That hard-won victory ought not obscure the lengths to which the GOP went to thwart it. When Evers issued an election-eve order to block in-person voting and extend the timeline for casting and returning absentee ballots, Republicans got their allies on the conservative-dominated state Supreme Court to upend his order, and conservatives on the US Supreme Court intervened to thwart a federal judge’s order to make absentee voting easier.
Tens of thousands of Wisconsinites had to choose between voting and staying safe. For those who are immunocompromised and saw the window for receiving absentee ballots closed by the courts, it was no choice at all; they were disenfranchised. Others took the risk, even as epidemiologists warned the elections could become a public health disaster—especially for the already hard-hit African American community in Milwaukee. “People died fighting for the right to vote, and now people might die if they vote,” Lieutenant Governor Mandela Barnes said on Election Day. “Politicians are silencing the voices of black and brown people or putting us in harm’s way for their own partisan gain.”
This was the ugliest example of voter suppression in a state that has, over the past decade, been a proving ground for the GOP’s win-at-any-cost ethos. Of course, Donald Trump was paying attention. As the president attacked vote-by-mail plans to increase safety and fairness in the November elections, Wikler warned that what happened in Wisconsin won’t stay in Wisconsin.
But the Democrats are not powerless.

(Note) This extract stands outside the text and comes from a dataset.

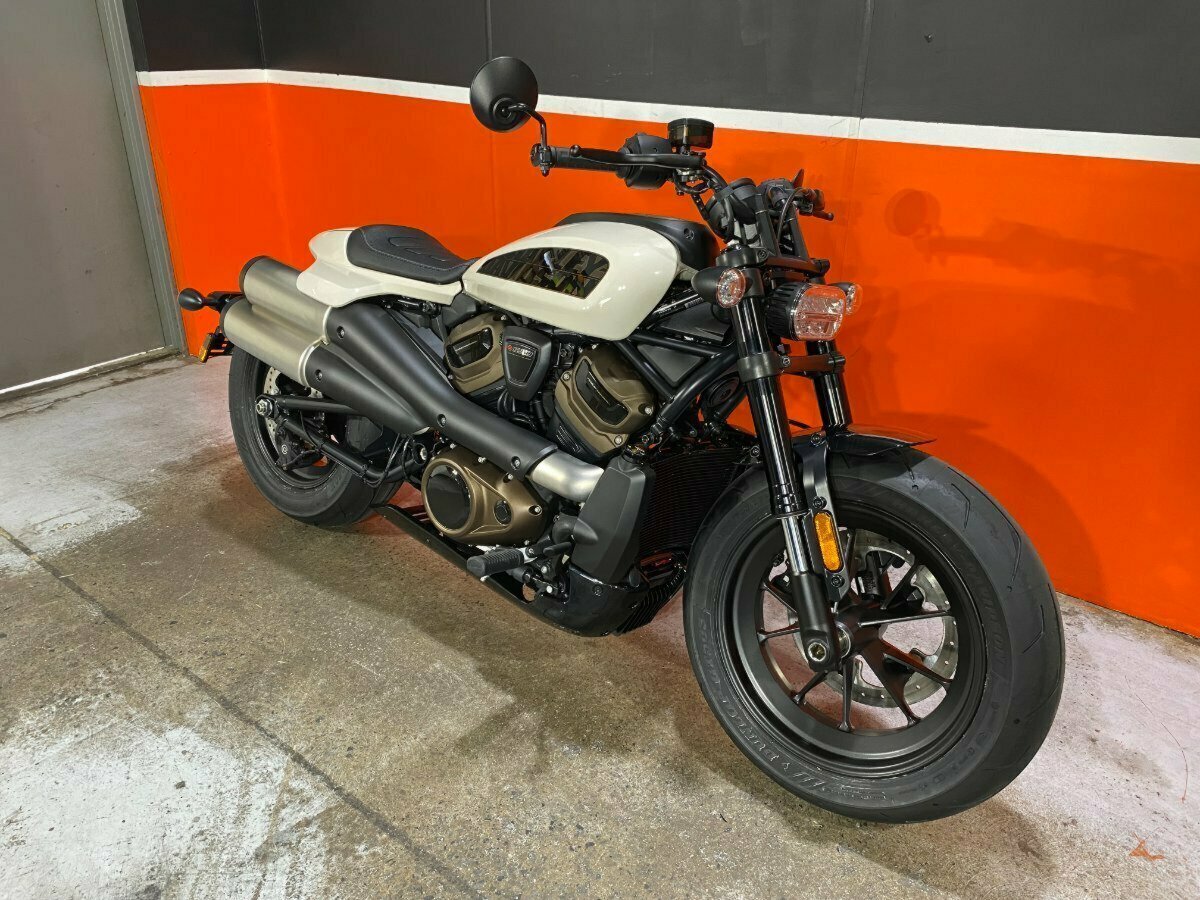 2023 HARLEY-DAVIDSON SPORTSTER S CRUISER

They need to demand—with hard bargaining that forces the Republicans’ hand—that funding for safe elections is included in federal stimulus packages and in tight state budgets. They need to conduct a massive education campaign to promote early and absentee voting. And they need to channel the anger of Wisconsinites forced to choose between voting and safety into a clear warning that Trump and his allies will stop at nothing in their deadly pursuit of power.